Pula pra daí alguns anos. Quando o bebê nasce, nasce também uma nova configuração na vida daquele casal. Os combinados de antes já não valem mais, porque os papéis mudaram e as funções também. Mas aqueles conceitos trazidos de suas histórias permanecem os mesmos, e aquela mulher muitas vezes se sente cobrada de manter a casa, cuidar sozinha da criança e ainda ter medo de não se arrumar e o marido largar ela. Quantas vezes já ouvi das mães que suas próprias mães e tias se preocupavam em alertar que, entre mamadas da madrugada, ela precisava estar presente sexualmente, de cabelo feito e arrumada, para o homem não desanimar. É frequente, inclusive, ouvir das mulheres - orgulhosas- que seus maridos são grandes paizões porque ‘ajudam’ a cuidar dos filhos. E assim nossa cultura naturaliza a sobrecarga materna, que precisa tomar conta da casa, do marido, dos filhos e esquecer dela.
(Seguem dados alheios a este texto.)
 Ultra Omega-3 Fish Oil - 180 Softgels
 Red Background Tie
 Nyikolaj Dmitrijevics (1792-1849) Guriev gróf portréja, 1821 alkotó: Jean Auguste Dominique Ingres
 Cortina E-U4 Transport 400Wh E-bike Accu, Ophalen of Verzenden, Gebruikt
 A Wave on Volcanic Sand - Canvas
Essa mesma mulher que aprendeu desde pequena a brincar de boneca e de casinha, aprendeu que tinha que dar conta. Passou pela experiência de brincar disso, exercitou várias vezes na brincadeira esse ‘dar conta’, naturalizou, acostumou, se aprimorou. Então, muitas vezes, quando esse marido vem ‘ajudar’, duas coisas acontecem: essa mulher se sente aquém da sua função, porque não conseguiu ‘dar conta sozinha’; além de ter a falta de costume de ver outra pessoa fazendo de outra forma. Assim, mulheres dizem “não é assim, pera, você não está fazendo direito”. Sem saber delegar, o homem entende “não levo jeito mesmo”, reforça seu conceito de que aquela não é sua função, e se afasta. É conveniente, então ele aceita. Já ela fica incomodada, sobrecarregada, exausta, e ainda pensa que como ele ‘não faz direito’ (diferente do que ela aprendeu ser o ‘perfeito’) “nem adianta pedir ‘ajuda”, e prefere fazer sozinha.
Dessa forma, aumenta o abismo que separa esse casal, o peso que sobrecarrega essa mãe, e essa construção dos primeiros meses de vida do bebê começa a se padronizar naquele casamento, e levam para a vida. Agora, o pai acredita que só precisa intervir quando a situação já está crítica. Agora, sem ser sua função, o pai não busca uma informação, um texto, um livro, nada sobre o tema. Então, quando intervém acontece como um caminhão atropelando toda construção que aquela mãe, sozinha, fez. Ela se frustra e decide que só ela mesmo sabe cuidar e criar as crianças com amor e carinho. Ele se sente de lado, por fora, ressente a distância, mergulha em trabalho e agrava a sensação de que não leva jeito com os próprios filhos. As crianças vão crescendo e aprendendo a pedir para a mãe, a exigir dela.
Esse cenário se repete em muitas famílias, mas nós podemos transformar essa situação, depois que temos consciência de sua existência. Minha sugestão é que esses papéis sejam repensados. Que pais e mães possam cuidar de seus filhos juntos, sendo dos dois a função. Entender que cada um terá seu jeito com a criança, que cada adulto e criança juntos criam uma relação. E que, portanto, o pai que não brincou de boneca vai precisar de tempo para experimentar, conhecer a padronizar sua forma de fazer as coisas. Pode-se estabelecer novos combinados, reconstruir significados e desfazer de velhos preconceitos em prol da harmonia e conexão de todos da casa. O pai aprender a fazer, a mãe aprender a deixar, e entender que isso não faz de ninguém menos nada. Aceitar que vão mesmo passar algum tempo mais dedicados ao bebê que um ao outro, ao bebê que à casa, e ao invés de ter medo de desistirem um do outro, mergulharem nessa experiência juntos e fortalecerem ainda mais a união.
E, de quebra, fica aqui a sugestão: não ensine seus filhos que existem brinquedos de menino e de menina, porque isso estabelece papéis engessados de homens e mulheres. Permita que seu filho brinque de cuidar, permita que sua filha brinque de ser herói, permita que as crianças possam simplesmente brincar, sem preconceitos nem caixinhas. Deixe-os experimentar o mundo através da fantasia! Porque além de ser muito divertido, conseguem brincar de exercer todos os papéis, o que os ajudará a descobrir seus gostos e paixões, e também a sentir mais empatia!